La revista circulaba quincenalmente y la mayoría de columnas eran escritas por Correa, existía un espacio para la crítica de cine titulado “Critiquillas” y allí comenzó a publicar bajo seudónimos, seguramente con la intención de que la revista no pareciera una publicación exclusiva de sus opiniones. Pero el crítico también sacó provecho de estar bajo el anonimato para comenzar a fabricar sus posturas desde diferentes ángulos: ampliaba sus ideas, corregía o editaba sus conclusiones. “Jack Assi”, “Ego”, “Clodomiro”, fueron algunos de sus amigos periodistas que lo elogiaron o citaron durante las publicaciones de Micro. Esta es una de las nociones que más me atraen de Correa, no dejo de pensar en los personajes de novelas y cuentos de Roberto Bolaño; la búsqueda y persecución de poetas perdidos, la recopilación de anécdotas y desventuras, la censura u olvido de sus escritos. No sé cómo reaccionar ante el misterio del crítico que jugó entre el escondite y la ironía, ¿cómo analizarlo? ¿cómo armar una hipótesis de su trabajo?
Estuvimos en el Teatro Colombia. Una ventilación natural como no se consigue ni a fuerza de equipos refrigeradores. Eso es el clima ideal. En cambio el sonido no es nada ideal; es agudo como la voz de Maruja Arroyave.(Micro, Medellín, 1940).
Así como escribió de la ventilación, también dedicó espacio, entre sus columnas, a las sillas de los teatros, a la inutilidad de los intermedios y, especialmente, a la poca compostura del público en dichos lugares. “El público medellinense - escribió en varias ocasiones - no sabe ver cine”. Su testimonio de la experiencia en el cine fue siempre una prioridad, aunque parezca una tontería, son aspectos que Correa trató con seriedad.
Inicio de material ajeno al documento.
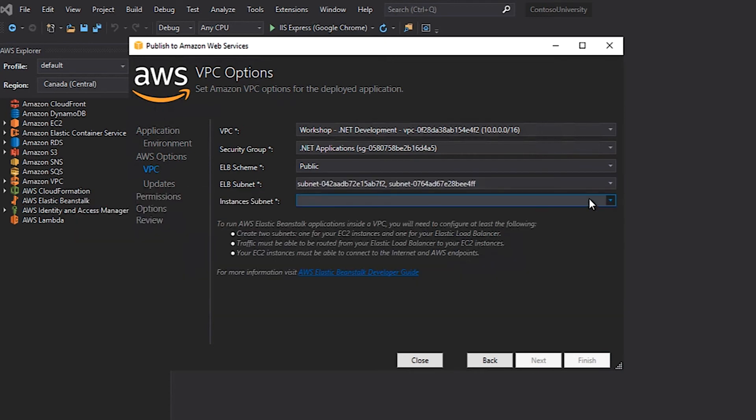Since my application will be deployed to a new Amazon EC2 instance, I'll need to tell the wizard which subnets in my VPC should be used to run these new Amazon EC2 instances. Using the AWS Management Console, I was able to view the subnets for my VPC and determine the IDs for the subnets that I wanted to use. At this point, I'm going to specify the subnets from the dropdown list.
Esto me hace ver que nunca se cansó de exigir, desde los detalles, el respeto que, para él, el cine merece.
Entremos al terreno del trabajo de crítica del antioqueño. Edda Pilar Duque, investigadora de Medellín, recopila en su libro Veintiún Centavos de Cine (1988), una detallada biografía del crítico e incluye una serie de las ya mencionadas “critiquillas”. Dos de ellas llaman mi atención por el lenguaje empleado y las imposiciones de Correa, se trata de sus comentarios sobre A Royal Divorce (Jack Raymont, 1938) y The Hound of the Baskervilles (Sidney Lanfield, 1939), ambas publicadas en diciembre de 1940, bajo el seudónimo “Olimac”.
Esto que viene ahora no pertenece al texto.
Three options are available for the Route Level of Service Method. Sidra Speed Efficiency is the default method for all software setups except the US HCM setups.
NAPOLEÓN: Vergonzoso que se haga uso del cine para ridiculizar así a una figura como la del Corso. El actor Blanchard saca bien su papel en “Divorcio Real” pero el argumentista abusa de su libertad en una forma más que censurable; y el director no parece sino que aborreciera una barbaridad a “Napo”; se le suben a uno los colores a la cara cuando el gran guerrero aparece en tan risibles actitudes: abrazando a esa señora gorda y antielegante a la cual no alcanza a rodear el talle; (el talle es algo alarmante); acostándose en el sofá porque el perrito de ella no le da permiso de acostarse en la cama (...), son detalles que aún siendo ciertos (puede que lo sean) debieran quedar ocultos. O no tiene ninguna gracia ser un Napoleón.
FINAL DEL CAMINO: tiene una escena que todas juntas debieran prohibir; es esa donde Basil Rathbone asesina a un bobito por allá entre la selva; la crueldad bestial de esta escena no debiera ponerse a la vista de niños y señoras, ni de hombres mayores: es muy repugnante “ver” que en el mundo hay personas suficientemente malas para hacer esas cosas. El espectador no se debe hacer enredos, vergonzoso, abuso, censurable, se debería prohibir, hay personas suficientemente malas para hacer esas cosas.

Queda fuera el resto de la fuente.